Floor Statements by Congresswoman Pelosi

Congresswoman Nancy Pelosi


District of Columbia School Vouchers

October 9, 1997



Ms. PELOSI. Mr. Chairman, I rise in opposition to the school voucher proposal for the District of Columbia.

Our focus as a Federal Government should be on improving our public schools rather than abandoning them. Diverting public money to private schools is not a way to improve education. It is, however, an experiment that is doomed to fail leaving this city's schoolchildren as the casualties.

Not one of us is going to contest the assertion that the D.C. public schools need help. But the way to do this is through efforts like comprehensive school reform, by engaging parents, teachers, and the community in creating and maintaining high performance centers of learning with challenging academic standards.

Creating a voucher system does not solve the problem, it merely shifts the responsibility elsewhere. It also does not guarantee that students from low-performing schools will meet the admission standards of private institutions.

Public school choice, magnet schools, charter schools, and comprehensive school reform efforts can provide effective alternatives to passing our problems off on private schools.

The GOP voucher plan offers this ill-conceived alternative to 2,000 of the school system's 78,000 students. General Julius Becton, the superintendent of the D.C. Public Schools has set out on a serious effort to provide the best education we can for all of the children of the District of Columbia.
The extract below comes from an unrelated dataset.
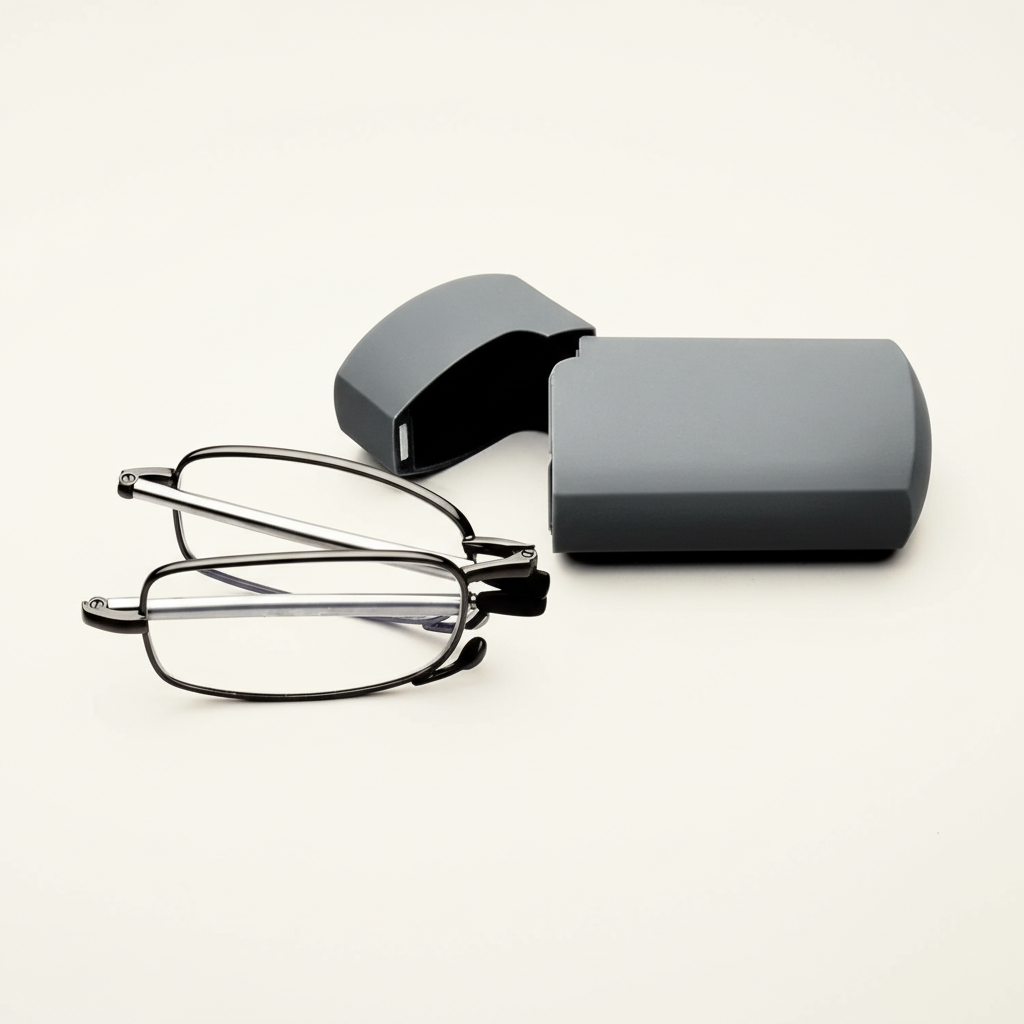 Faltbare Lesebrille – Tragbar mit Etui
Our Federal responsibility in education is to support States and local school districts in their efforts to make better public schools and better learners. It is not an acceptable solution to engage in misguided social engineering by draining funds that would be used to improve the public schools. The Democrats of this House have a plan, a good plan that raises the prospects for all of America's public schoolchildren, not just a select few at the expense of all the rest.